■ Required action
The answer is to contain only the line containing "Fototapeta Naklejka Na" and the lines after it through the last one, each reproduced exactly as it appears below.

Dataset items
——

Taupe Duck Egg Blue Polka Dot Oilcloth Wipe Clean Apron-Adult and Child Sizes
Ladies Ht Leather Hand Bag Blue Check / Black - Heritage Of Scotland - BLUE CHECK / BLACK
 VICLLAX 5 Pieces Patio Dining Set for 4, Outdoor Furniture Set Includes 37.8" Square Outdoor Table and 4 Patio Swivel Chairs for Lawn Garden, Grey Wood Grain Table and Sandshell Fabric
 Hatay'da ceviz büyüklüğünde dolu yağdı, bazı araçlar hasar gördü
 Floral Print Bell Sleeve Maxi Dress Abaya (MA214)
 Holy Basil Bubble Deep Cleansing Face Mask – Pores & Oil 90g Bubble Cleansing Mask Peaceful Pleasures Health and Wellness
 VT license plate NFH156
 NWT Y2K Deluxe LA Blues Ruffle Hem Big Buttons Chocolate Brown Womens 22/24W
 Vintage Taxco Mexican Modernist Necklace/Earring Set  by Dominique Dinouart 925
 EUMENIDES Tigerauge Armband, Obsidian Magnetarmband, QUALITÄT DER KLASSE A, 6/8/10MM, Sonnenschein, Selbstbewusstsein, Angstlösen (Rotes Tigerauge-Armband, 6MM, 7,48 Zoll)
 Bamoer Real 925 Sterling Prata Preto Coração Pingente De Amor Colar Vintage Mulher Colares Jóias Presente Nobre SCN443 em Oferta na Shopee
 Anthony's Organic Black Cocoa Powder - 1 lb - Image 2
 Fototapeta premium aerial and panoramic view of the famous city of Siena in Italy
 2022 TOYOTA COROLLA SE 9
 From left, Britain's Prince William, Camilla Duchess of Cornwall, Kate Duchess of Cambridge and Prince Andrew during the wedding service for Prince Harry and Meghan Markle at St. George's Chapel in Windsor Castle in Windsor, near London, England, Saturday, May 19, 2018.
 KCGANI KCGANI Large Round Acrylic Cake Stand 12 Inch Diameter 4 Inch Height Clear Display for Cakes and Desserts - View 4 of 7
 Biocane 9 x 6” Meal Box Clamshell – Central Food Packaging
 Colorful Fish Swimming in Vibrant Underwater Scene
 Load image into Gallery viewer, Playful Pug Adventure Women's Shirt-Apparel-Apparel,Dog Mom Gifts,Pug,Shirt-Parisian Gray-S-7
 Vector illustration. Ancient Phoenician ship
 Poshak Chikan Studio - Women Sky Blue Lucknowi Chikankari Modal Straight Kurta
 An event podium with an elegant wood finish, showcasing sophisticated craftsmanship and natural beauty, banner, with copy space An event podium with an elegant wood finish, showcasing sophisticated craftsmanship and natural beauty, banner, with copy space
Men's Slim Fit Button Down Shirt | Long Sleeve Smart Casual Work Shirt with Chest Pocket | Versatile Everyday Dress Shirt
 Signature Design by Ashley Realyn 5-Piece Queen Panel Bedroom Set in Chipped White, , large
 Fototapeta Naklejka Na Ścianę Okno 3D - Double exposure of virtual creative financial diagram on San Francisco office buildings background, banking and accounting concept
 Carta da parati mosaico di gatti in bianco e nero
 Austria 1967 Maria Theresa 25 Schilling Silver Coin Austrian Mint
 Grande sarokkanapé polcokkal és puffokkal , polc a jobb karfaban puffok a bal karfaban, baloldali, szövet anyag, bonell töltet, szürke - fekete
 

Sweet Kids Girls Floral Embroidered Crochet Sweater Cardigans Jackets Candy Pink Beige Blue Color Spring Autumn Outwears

——

■ Response area
 Fototapeta Naklejka Na Ścianę Okno 3D - Double exposure of virtual creative financial diagram on San Francisco office buildings background, banking and accounting concept
 Carta da parati mosaico di gatti in bianco e nero
 Austria 1967 Maria Theresa 25 Schilling Silver Coin Austrian Mint
 Grande sarokkanapé polcokkal és puffokkal , polc a jobb karfaban puffok a bal karfaban, baloldali, szövet anyag, bonell töltet, szürke - fekete
 

Sweet Kids Girls Floral Embroidered Crochet Sweater Cardigans Jackets Candy Pink Beige Blue Color Spring Autumn Outwears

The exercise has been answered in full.